- [Your assignment]: Return every entry exactly as written, with the pictures removed.
Segment Open
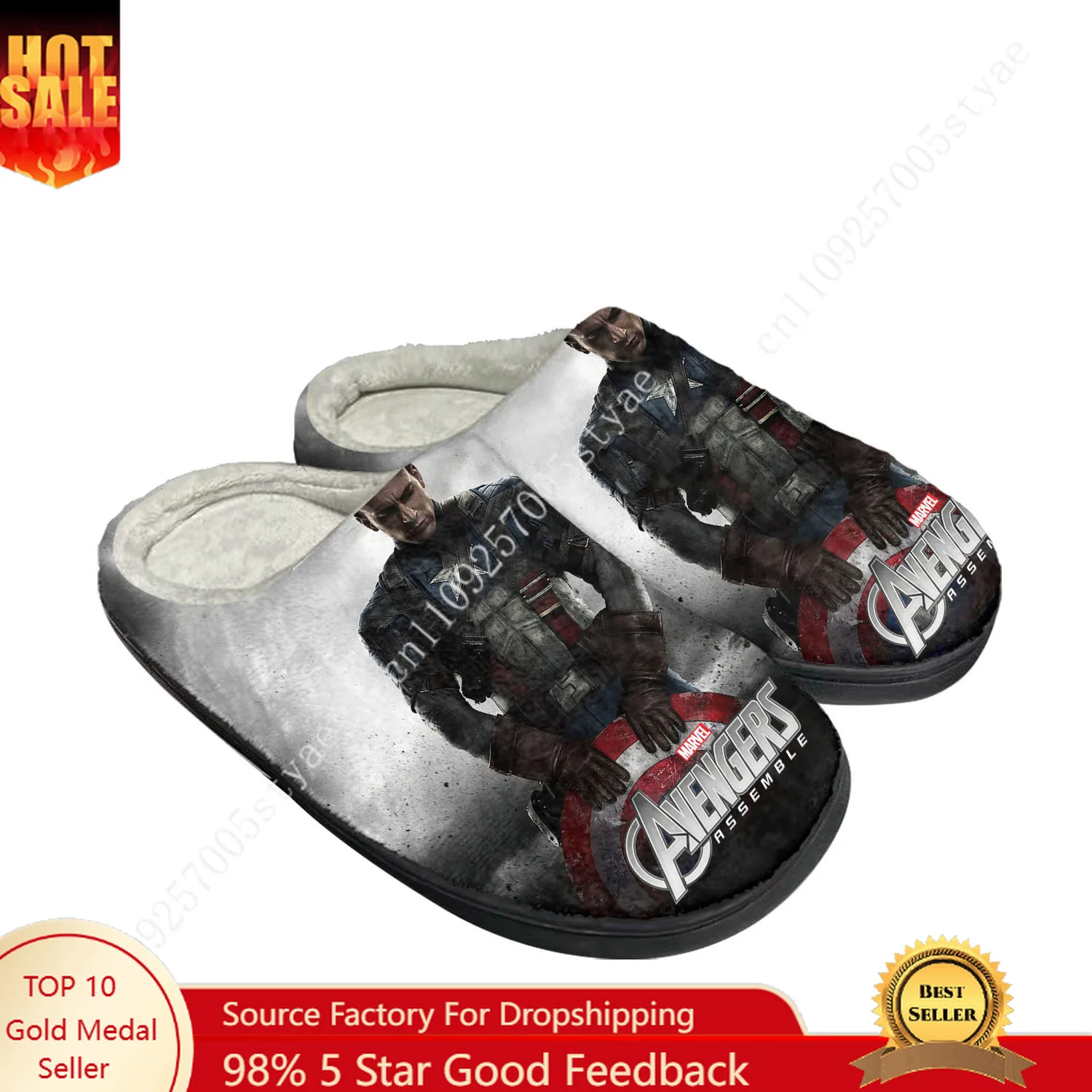 

Marvel Captain America Steve Rogers Home Cotton Slippers Mens Womens Teenager Plush Bedroom Keep Warm Shoes Custom Slipper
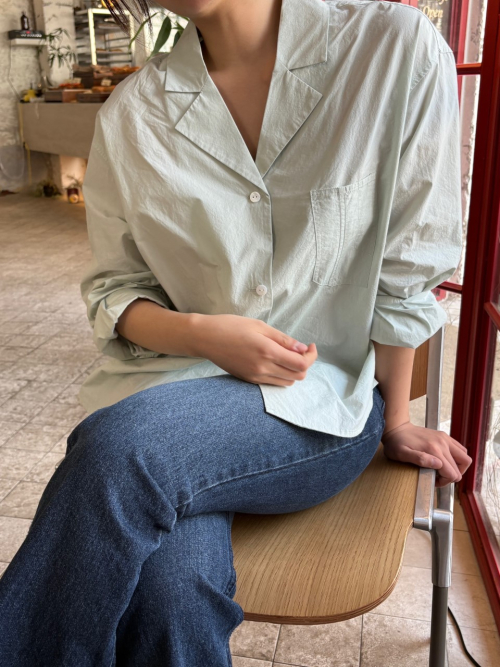 HESTIA v neck shirt_MINT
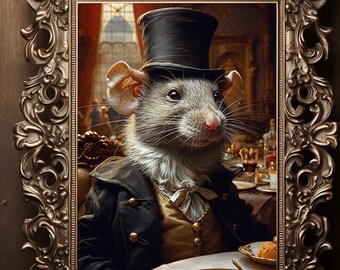 Gothic Rat Victorian Gentleman Mouse Poster Fine Art Print, Painting Wall Art Poster, Goth Wall Decor Giclee, Mice Art Giclee Print K94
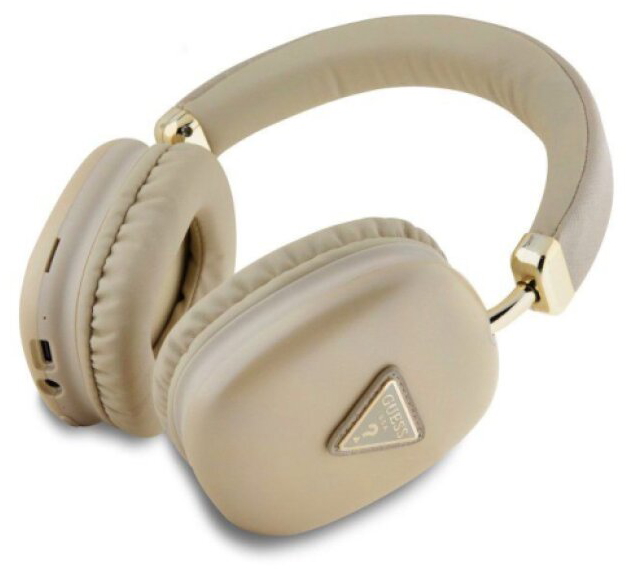 Bezdrátová náhlavní sluchátka - Guess, Saffiano Triangle Logo Gold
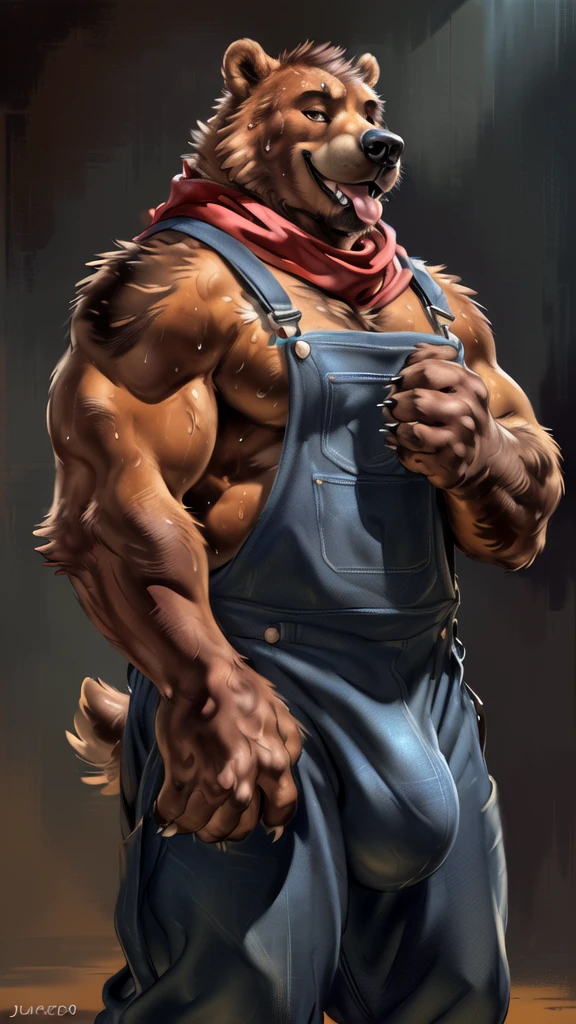 4k, dark , perfect colors, perfect dark pantalla , perfect lighting,(fondo of dark pantalla :1.2) gay bear naked ((full dark)), posted on e621, furry body , anthro little bear /Very strong but very craving in face bear_rusty , antro ( by the little bear :old bear_rusty),verg red scarf, (Old bear, old daddy , obese and muscular , naked por overalls , simple black background, ultra dark , (fondo of black :1.3) body_sexy , daddy bear, standing, by honovy, correct claws in five of paws in dark ,huge Bulge, fur in brown, claws in five, ( dark blue overalls) ,tongue in mouth, holding huge huge pink_penetrating , nice nose_dark brown (monotone brown fur:1.3), chest fur,daddy old, verg lighting color, (heavily muscular, masculine:1.4), nice eyes brown , realistic eyes brown , (muscular,sweat :1.4) , ( verg huge pink_penetrating :1.4 ), cum,verg huge bulge and big penis , verg huge balls,((open black blue overalls) ,look up,strong,lying in bed , (photorealistic detailed fur,bear _nose color vino, bear nose _ color vino, (by Taran Fiddler, by Chunie, by Rukis, holding big pink_penetrating, dark lighting), claws on hands, (photorealistic fur, detailed fur, masterpiece:1.2), sexy shadows, (by echinby Taran Fiddler, by takemoto arashi, by Traver009, by Juiceps), (Detailed brown eyes:1.2), smile face, cum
Segment Closed
- [Task result]:
Marvel Captain America Steve Rogers Home Cotton Slippers Mens Womens Teenager Plush Bedroom Keep Warm Shoes Custom Slipper
 HESTIA v neck shirt_MINT
 Gothic Rat Victorian Gentleman Mouse Poster Fine Art Print, Painting Wall Art Poster, Goth Wall Decor Giclee, Mice Art Giclee Print K94
 Bezdrátová náhlavní sluchátka - Guess, Saffiano Triangle Logo Gold
 4k, dark , perfect colors, perfect dark pantalla , perfect lighting,(fondo of dark pantalla :1.2) gay bear naked ((full dark)), posted on e621, furry body , anthro little bear /Very strong but very craving in face bear_rusty , antro ( by the little bear :old bear_rusty),verg red scarf, (Old bear, old daddy , obese and muscular , naked por overalls , simple black background, ultra dark , (fondo of black :1.3) body_sexy , daddy bear, standing, by honovy, correct claws in five of paws in dark ,huge Bulge, fur in brown, claws in five, ( dark blue overalls) ,tongue in mouth, holding huge huge pink_penetrating , nice nose_dark brown (monotone brown fur:1.3), chest fur,daddy old, verg lighting color, (heavily muscular, masculine:1.4), nice eyes brown , realistic eyes brown , (muscular,sweat :1.4) , ( verg huge pink_penetrating :1.4 ), cum,verg huge bulge and big penis , verg huge balls,((open black blue overalls) ,look up,strong,lying in bed , (photorealistic detailed fur,bear _nose color vino, bear nose _ color vino, (by Taran Fiddler, by Chunie, by Rukis, holding big pink_penetrating, dark lighting), claws on hands, (photorealistic fur, detailed fur, masterpiece:1.2), sexy shadows, (by echinby Taran Fiddler, by takemoto arashi, by Traver009, by Juiceps), (Detailed brown eyes:1.2), smile face, cum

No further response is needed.